いよいよ取りかからなければ、と覚悟を決めて、祝日の早朝から自宅パソコンに向かう。ウンともスーとも言わない、と思うほど動作が遅くなってしまったのが、1月ほど前だったろうか。とにかく中身を軽くしなければと、あまり使いそうもないと思われるプログラムをいくつか削除した中にワードソフトが入ってらしい。送られてくる添付ファイルが読めなくなってしまった。
いよいよパソコン自体を買い替えるほかないか。インターネットプロバイダーとのつなぎ変えに始まり、アドレスや住所禄の移し替えでどのくらいの時間を食うだろう…。考えているうちに、憂鬱になってしまったのだが、残しておいたWindowsのソフトを入れ直した結果、ワードソフト復旧は成功し、やれやれとなる。さらに友人の一言を頼りに記憶空き容量の整理など初めての操作に挑んだのが功を奏したのだろうか。動作速度も何とか耐えられるまでになる。
そこで欲を出したのが、まずかった。新しいワードソフトで送ってくるファイルが開けられない深刻な問題が残っている。この日朝から作業にかかって、見つけたのが「今すぐ(ネットで)購入すると、Microsoft Office Personal 2010が10%オフ」という表示。これに飛びついた結果、丸一日を棒に振ってしまった。ダウンロードできるのは当日だけ、それも5回しか試みられないという制約の中で操作はことごとくうまくいかず、結局、インストールに失敗してしまう。4回目がひどかった。近所のコンビニで買ってきたCD-Rを、パソコンがなぜか受け付けない。やむなく手持ちのUSBメモリを空にして、いったんこちらにダウンロードしようと操作して待つこと6-7分たっただろうか、ダウンロード99%というところでなんと「容量足りず」という表示。これまた失敗に終わる。
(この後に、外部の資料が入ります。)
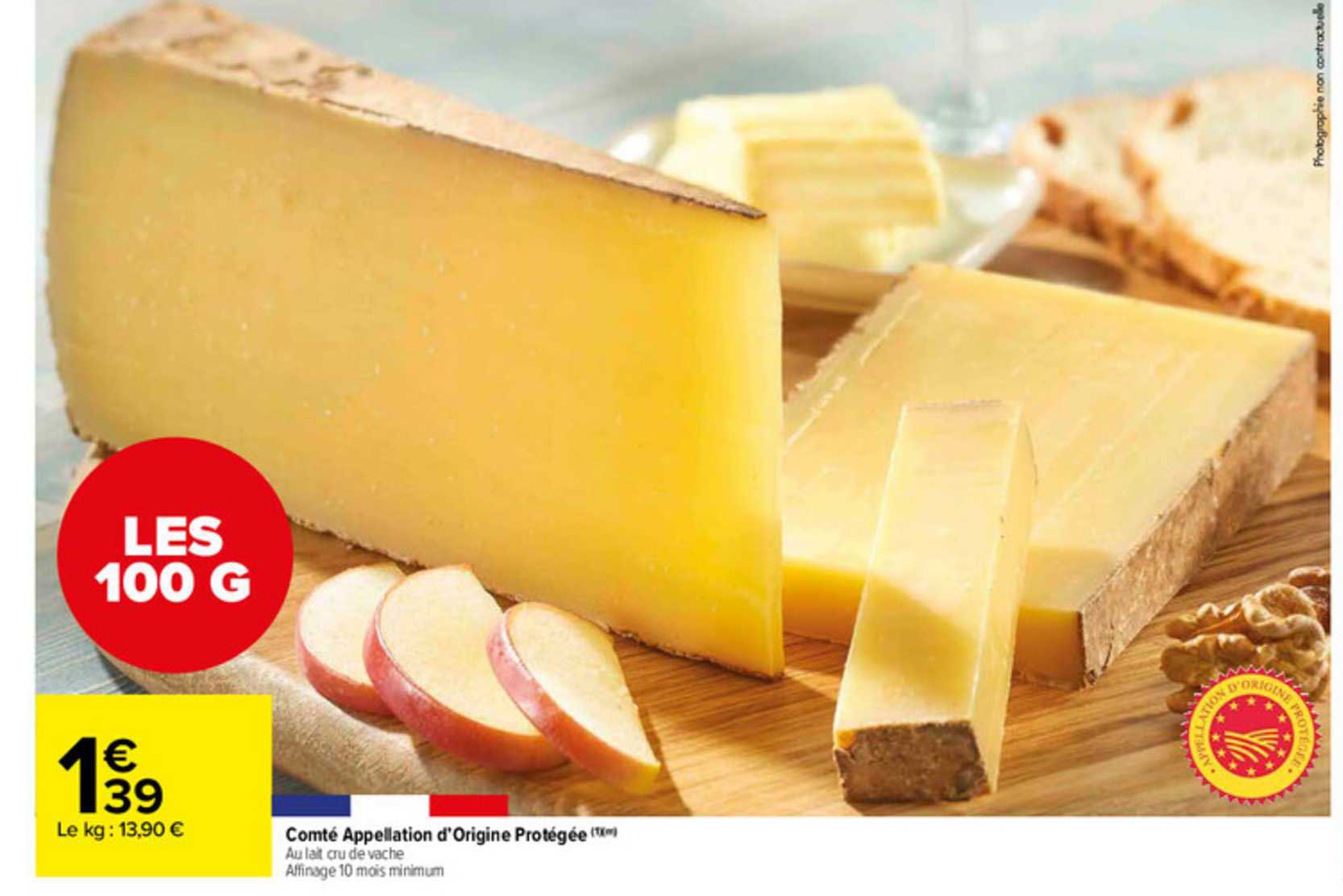 comté appellation d'origine protégée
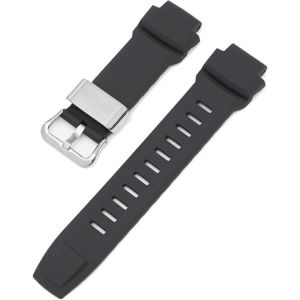 Eryi-18mm Bracelet En Silicone Compatible Avec Casio Protrek Series,Like Prg-200/Prg250/Prg-260/Prg550/Prg-500/Prg-510/Prg270/Prw-2000/Prw2500/Prw3500/Pr5000/Prw5000 /Prw-5100 - Neuf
有楽町の家電量販店まで出かけ、一番容量の大きそうなUSBメモリーを買ってくる。これにはどうやらダウンロードできたようだが、これから肝心のパソコンに入れる方法が分からない。くたびれ果てて水割りを飲みながらラジオのニュースを聞き始めた時に流れてきたのが「立川談志喉頭がんで死去」の報だった。読売ホールで最後に聴いたのは1年前、あるいはもっと前だったろうか。いつ死ぬか分からん、といった意味のことを言いながら、まだ大丈夫という感じだった。ただ、その後も時々聴くNHKラジオの「新・話の泉」に、いつごろからか事前収録だけの参加になった。ちょっと前に「芝浜」の一部を放送していたが、あれは再起が難しいことを「新・話の泉」のスタッフが知っていたからだろうか。
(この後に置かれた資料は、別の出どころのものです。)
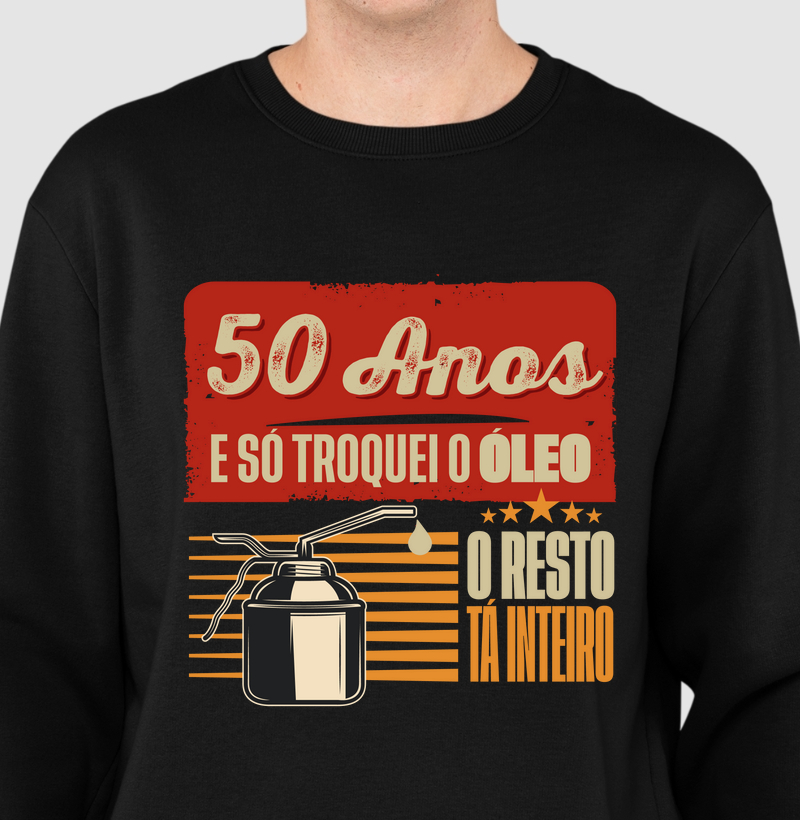 50 anos e só troquei o óleo. O resto tá inteiro.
翌、24日の各紙朝刊を読むと、最も得意としている噺(はなし)に芝浜を一様に挙げていた。多分、その通りなのだろうが、この人は単純な人ではない。芝浜の一番の聴かせどころを、皆が期待するようにはやりたくない、といったような意味のことを、いつか「新・話の泉」の中で言っていたような気がする。客が喜ぶのだから、いつまでも同じように演じればよい、とは考えない人なのだろう。その時、漠然と感じたのだが、見当違いだろうか。
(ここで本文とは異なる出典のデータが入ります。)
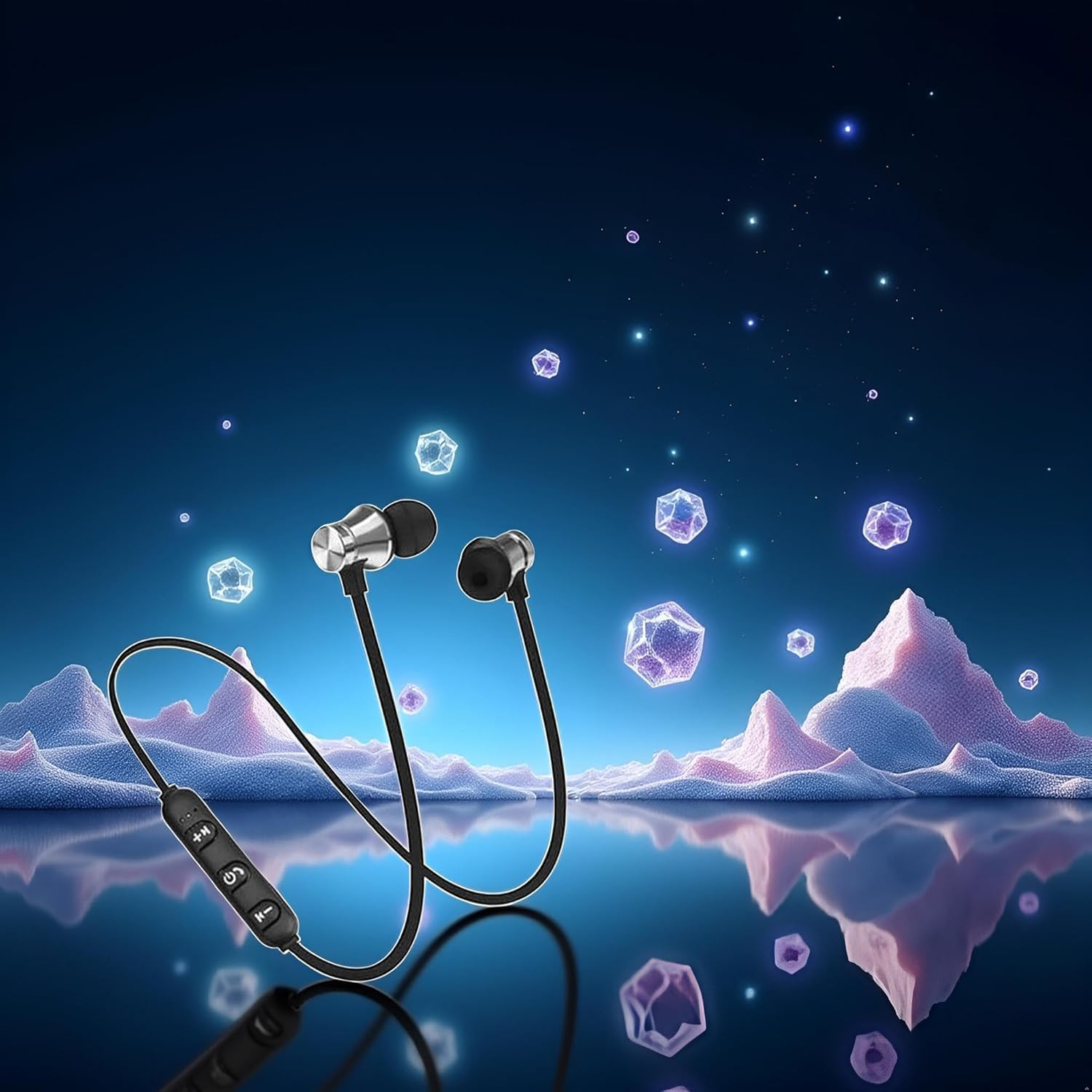Opemg Black Earphone In-Ear Stereo Headset Earphone Wireless Bluetooth Headphone Earbud Headphones Accessories,Earbud and In-Ear Headphones image number 5
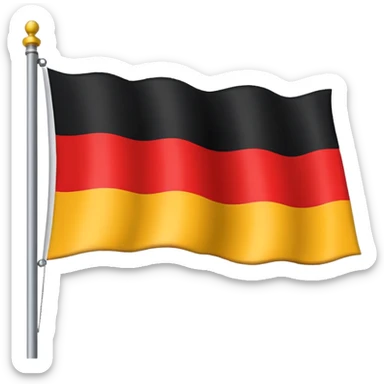 CReate me an emoji of the 2nd Reich, the German Empire also known as the Kaiserreich. Its flag is a Tricolor like germanys current one. make the top color be Black, the central one be white and the botton one red sticker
ある時、これもラジオで、昔の歌謡曲と歌謡曲歌手について話しまくるのを聴いて驚いたことがある。恐ろしくたくさんの歌謡曲に対する思い入れと、出てくる有名な歌手との付き合い方が尋常ではないのだ。
また、いつごろか思い出せないほど古いテレビのバラエティ番組の一場面が、なぜかいまだに忘れられない。無論、当時もスタイル抜群の由美かおるさんが、これ以上短くはできないと思われるミニスカートをはいて立っている。そこへ近づいてきたのが、マドロス姿の談志師匠。口から外したマドロスパイプの頭を、由美かおるさんのミニスカートの裾に引っかけヒョイとめくろうと…。無論、すぐに手荒く払いのけられる。
ただそれだけの寸劇だった。しかし、鮮やかに脳裏に焼き付いている。由美かおるさんの明るい色気もさることながら、談志師匠のいたずら好きでやんちゃな性格にピッタリのシーンだったからだろう。
「新・話の泉」の出演者たちは皆、愉快な人たちばかりだが、いつも女性アナウンサーの司会ぶりが、実に自然でかつウイットに富んでいるのに感心していた。24日午前、初めて番組のホームページを開き、気付く。記者時代に毎日、ニュース番組で見ていた「黒田まゆみ」アナウンサーだ、と。最近テレビに出ていないようだし、再婚して渡邊姓に代わっていたのも知らなかったから分からなかった。うまいはずだ。
「新・話の泉」は中心となる家元が亡くなって、番組存続も難しくなるのだろうか。出演者たちもがっくりだろうが、多くのファンもまた思っているのではないだろうか。こっちは本当に夢だったらなあ、と。